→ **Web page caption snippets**
----

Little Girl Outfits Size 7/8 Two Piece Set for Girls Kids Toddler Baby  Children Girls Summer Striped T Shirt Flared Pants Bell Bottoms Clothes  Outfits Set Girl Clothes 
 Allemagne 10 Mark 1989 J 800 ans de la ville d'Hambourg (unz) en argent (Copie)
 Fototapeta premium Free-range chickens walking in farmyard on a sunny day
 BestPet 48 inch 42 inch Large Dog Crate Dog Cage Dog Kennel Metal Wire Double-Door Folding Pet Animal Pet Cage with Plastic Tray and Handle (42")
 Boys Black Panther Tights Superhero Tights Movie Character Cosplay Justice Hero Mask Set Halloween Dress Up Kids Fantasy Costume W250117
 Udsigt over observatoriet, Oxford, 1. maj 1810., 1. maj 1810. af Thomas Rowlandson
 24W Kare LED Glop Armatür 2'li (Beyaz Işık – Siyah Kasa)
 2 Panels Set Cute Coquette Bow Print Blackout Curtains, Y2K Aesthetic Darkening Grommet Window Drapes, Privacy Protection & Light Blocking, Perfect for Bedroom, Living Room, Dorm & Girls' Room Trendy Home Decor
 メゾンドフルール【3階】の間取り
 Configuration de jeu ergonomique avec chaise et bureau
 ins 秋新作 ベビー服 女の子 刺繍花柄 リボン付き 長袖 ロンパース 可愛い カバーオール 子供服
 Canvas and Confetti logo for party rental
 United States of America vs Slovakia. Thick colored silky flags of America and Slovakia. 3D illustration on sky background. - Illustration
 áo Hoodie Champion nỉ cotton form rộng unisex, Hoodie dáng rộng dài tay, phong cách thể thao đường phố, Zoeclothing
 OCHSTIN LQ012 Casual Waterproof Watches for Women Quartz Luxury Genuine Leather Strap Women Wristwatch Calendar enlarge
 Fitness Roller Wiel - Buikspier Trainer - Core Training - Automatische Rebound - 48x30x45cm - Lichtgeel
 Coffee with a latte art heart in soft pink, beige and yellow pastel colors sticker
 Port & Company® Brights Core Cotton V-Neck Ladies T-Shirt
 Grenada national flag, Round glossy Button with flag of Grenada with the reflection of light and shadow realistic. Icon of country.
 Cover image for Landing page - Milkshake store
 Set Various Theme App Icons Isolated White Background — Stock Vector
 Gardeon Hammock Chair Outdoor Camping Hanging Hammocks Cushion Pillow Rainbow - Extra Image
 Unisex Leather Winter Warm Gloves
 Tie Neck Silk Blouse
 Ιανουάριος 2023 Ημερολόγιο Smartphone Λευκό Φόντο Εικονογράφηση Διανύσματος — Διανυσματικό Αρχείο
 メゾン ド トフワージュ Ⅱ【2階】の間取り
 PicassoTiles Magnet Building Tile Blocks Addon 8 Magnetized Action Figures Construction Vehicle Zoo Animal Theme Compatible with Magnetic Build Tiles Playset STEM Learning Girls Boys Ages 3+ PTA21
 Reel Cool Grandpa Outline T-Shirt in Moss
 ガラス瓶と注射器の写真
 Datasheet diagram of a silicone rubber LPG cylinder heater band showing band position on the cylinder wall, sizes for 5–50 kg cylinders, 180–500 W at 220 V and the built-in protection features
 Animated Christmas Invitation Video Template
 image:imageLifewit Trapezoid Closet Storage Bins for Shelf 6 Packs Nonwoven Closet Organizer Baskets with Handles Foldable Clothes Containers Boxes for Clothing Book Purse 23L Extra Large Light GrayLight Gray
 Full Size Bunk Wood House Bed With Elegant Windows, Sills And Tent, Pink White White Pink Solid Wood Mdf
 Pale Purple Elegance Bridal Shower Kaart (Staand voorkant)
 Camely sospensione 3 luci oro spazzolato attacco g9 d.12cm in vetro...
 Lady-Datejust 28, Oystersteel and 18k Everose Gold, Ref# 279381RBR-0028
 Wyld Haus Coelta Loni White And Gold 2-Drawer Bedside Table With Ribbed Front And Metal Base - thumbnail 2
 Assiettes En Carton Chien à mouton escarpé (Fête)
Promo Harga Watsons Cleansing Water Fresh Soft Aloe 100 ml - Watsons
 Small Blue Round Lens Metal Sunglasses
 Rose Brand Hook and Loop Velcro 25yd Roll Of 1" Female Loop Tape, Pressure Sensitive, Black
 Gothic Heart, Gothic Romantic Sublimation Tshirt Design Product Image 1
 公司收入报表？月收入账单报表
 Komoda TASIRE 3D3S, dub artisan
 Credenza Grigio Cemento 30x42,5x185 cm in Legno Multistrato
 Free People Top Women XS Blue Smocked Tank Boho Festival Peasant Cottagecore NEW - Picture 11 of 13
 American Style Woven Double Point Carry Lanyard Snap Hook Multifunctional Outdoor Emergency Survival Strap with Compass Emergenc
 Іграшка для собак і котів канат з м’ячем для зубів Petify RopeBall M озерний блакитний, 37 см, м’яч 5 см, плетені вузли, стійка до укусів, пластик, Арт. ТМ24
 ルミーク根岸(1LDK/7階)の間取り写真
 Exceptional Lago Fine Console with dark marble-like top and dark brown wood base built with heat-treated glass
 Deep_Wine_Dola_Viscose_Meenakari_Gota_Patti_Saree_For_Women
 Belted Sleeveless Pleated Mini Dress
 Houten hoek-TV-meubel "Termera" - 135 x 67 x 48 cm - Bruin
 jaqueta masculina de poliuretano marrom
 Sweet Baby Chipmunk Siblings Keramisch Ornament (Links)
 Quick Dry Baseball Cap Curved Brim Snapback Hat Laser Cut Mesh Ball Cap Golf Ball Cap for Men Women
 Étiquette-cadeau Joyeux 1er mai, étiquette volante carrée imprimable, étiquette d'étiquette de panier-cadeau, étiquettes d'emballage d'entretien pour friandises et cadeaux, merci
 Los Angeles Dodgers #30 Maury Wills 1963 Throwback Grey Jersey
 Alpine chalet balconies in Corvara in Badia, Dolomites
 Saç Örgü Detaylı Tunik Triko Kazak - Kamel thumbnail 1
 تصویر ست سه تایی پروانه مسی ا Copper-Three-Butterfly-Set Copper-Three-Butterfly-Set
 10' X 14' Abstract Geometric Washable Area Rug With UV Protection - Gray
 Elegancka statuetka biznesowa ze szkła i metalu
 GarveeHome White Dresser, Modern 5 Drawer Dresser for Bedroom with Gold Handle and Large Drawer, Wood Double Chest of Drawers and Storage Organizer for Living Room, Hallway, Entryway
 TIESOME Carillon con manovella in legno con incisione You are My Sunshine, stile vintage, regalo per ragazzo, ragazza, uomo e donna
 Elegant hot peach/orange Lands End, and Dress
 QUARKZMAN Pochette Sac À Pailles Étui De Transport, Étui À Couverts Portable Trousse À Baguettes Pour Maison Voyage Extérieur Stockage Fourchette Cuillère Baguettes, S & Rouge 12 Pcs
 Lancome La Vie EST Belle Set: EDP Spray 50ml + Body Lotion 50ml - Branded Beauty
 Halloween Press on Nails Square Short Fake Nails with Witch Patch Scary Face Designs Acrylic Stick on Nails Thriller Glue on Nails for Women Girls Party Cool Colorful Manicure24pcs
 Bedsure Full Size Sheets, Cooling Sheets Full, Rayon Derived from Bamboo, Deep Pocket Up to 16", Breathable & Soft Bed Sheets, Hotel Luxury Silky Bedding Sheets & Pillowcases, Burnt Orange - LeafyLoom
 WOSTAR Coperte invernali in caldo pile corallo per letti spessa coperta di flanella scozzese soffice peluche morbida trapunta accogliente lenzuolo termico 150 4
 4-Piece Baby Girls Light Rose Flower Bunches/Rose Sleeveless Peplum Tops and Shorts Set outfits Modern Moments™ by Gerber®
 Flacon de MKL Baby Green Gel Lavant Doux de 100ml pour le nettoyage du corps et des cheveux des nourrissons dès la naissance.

----

Return each line from the entries above that includes "Free".

→ **ANSWER SPACE**
 Fototapeta premium Free-range chickens walking in farmyard on a sunny day
 Free People Top Women XS Blue Smocked Tank Boho Festival Peasant Cottagecore NEW - Picture 11 of 13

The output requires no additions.